後から登録された商標権によって、歴史ある名称が使えなくなった事例
こんにちは、高田馬場で特許事務所を共同経営しているブランシェの弁理士 高松孝行です。
最近、頻繁に相談される商標案件と同様な事件が報道されているので、今回はそのことを書きたいと思います。
皆さん、「小説家(ライター)になろう講座」という市民講座を知っていますか?
私は、この事件が報道されるまで知らなかったのですが、1997年4月から開催されている市民講座だそうです。プロの小説家などを講師に迎え、受講生が提出する作品をテキストにして講評やトークショーを行っている講座のようです。
(2016年4月9日にネットで検索したところ、「小説家(ライター)になろう講座」ではなく、「山形小説家・ライター講座」になってました。今回の問題の影響かもしれません。)
実は、この講座の事務局に対し、2013年に「小説家になろう」という商標権を取得した大阪の企業から、その講座名の使用差止を求められたようです。
(指定商品・役務は、セミナーの企画・運営又は開催等になってます)
この大阪の会社は、「小説家になろう」という国内最大級の小説投稿サイトを運営しており、約39万作品がそのサイトに掲載されています(2016年4月現在)。
(ちなみに、この小説投稿サイトからプロの小説家が何人も輩出されているそうで、小説家の”たまご”にとっては素晴らしいサイトではないでしょうか?)
この会社の行為に対して、ネット上では「もはや言葉狩りじゃん。これから作家を目指そうというやつが、これでいいのかな」等とさまざまな批判が出ているようです。
しかし、商標権者からすると、これは当然の行為となります。
商標法では、商標登録された商標であっても、多数の者に使われた結果、普通名称※1や慣用商標※2になってしまうと、その商標権に基づく権利行使(差止請求・損害賠償請求)を行えなくなってしまう条項があるのです(商標法26条1項)。

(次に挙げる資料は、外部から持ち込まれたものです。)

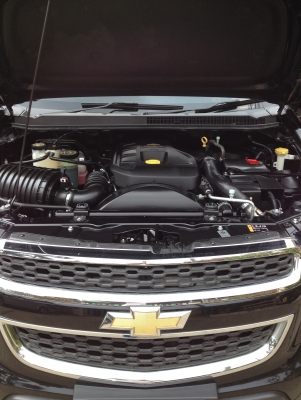 COLORADO 2.5 LT DURAMAX ใหม่เอี่ยม สีดำ ต้องการขาย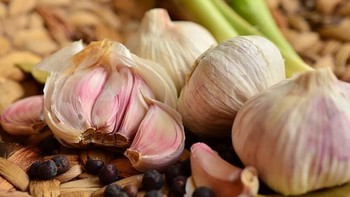 Để tép tỏi dưới gối, đầu giường, giúp ngủ ngon như đứa trẻ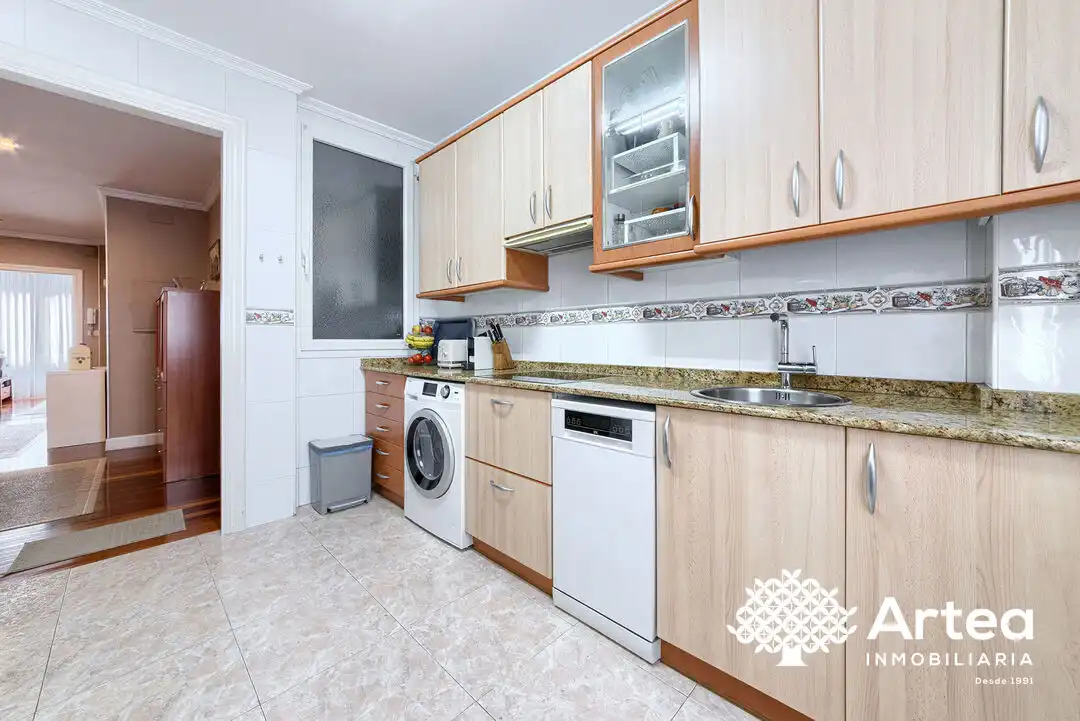 Kitchen of Flat for sale in Portugalete  with Heating and Balcony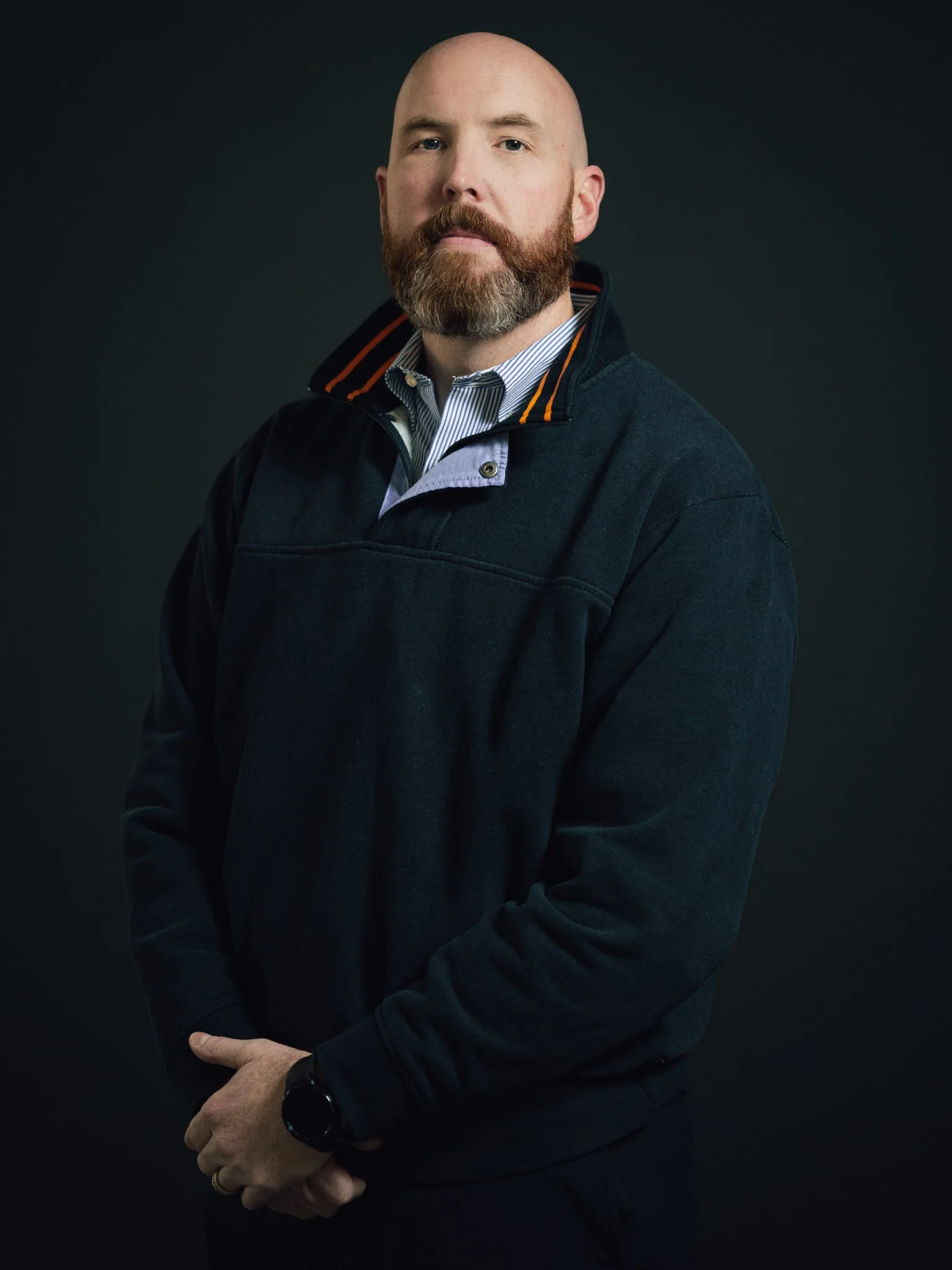 Behind the Scenes: What a Professional Headshot Session Actually Looks Like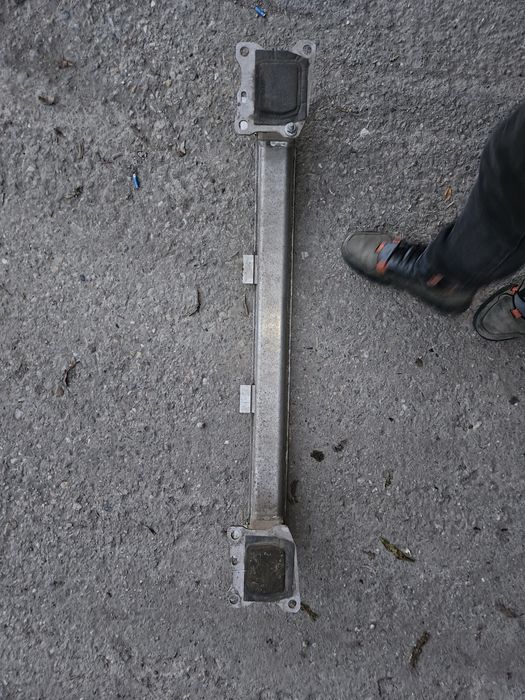 Intaritura aluminiu audi a4 b9 2017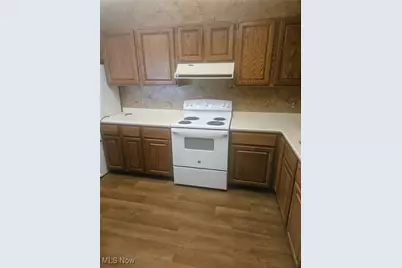 4543 Saint James Circle NW, Canton, OH 44708 - Photo 9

(なお、「もはや言葉狩りじゃん。」という認識は間違っていますので、注意してください。商標は”言葉”を独占できるというものではありません。これについては、以前のブログを参照してください。)
「小説家になろう」という名称について使うなと言われたくなかったのであれば、大阪の企業よりも先に商標を取得しておけば良かったのです(商標権取得は、早い者勝ちの世界です)。
商標権を取得する費用は、使っていた名称が使えなくなって、新たな名称に変更しなければならなくなったことと比較して非常に安いです。
(今回のケースでは当てはまらないかもしれませんが、名称を変更すると、名称変更を知らせるための宣伝費や、社名であれば名刺・表札・パンフレット代など、多額の費用がかかります。)
社名が商標権侵害になるとの警告書を受けたという相談や、似たような名前の会社が出てきたので商標を取得しようとしたら、すでにその社名が登録されていたという相談が多くなってきております。
それほど高い費用ではありませんので、ビジネスをするのであれば、将来を見据えて社名等について、なるべく早く(できれば社名を決める際に)、専門家である弁理士に商標登録について相談しておくことをお勧めいたします。
知的財産は、”保険”ではなく、”投資”と考えて欲しいです。
今日は以上です。
PS:このブログを書いた当初は「小説家になりま専科」という名称だったのですが、2017年8月に調査したところ、「山形小説家・ライター講座」という名称に変更されていたので、修正しました。
※1 普通名称とは、取引業界において、その商品又は役務の一般的名称であると認識されるに至っているものをいう。
※2 慣用商標とは、もともとは他人の商品(役務)と区別することができる商標であったものが、同種類の商品又は役務について、同業者間で普通に使用されるようになったため、もはや自己の商品又は役務と他人の商品又は役務とを区別することができなくなった商標をいう。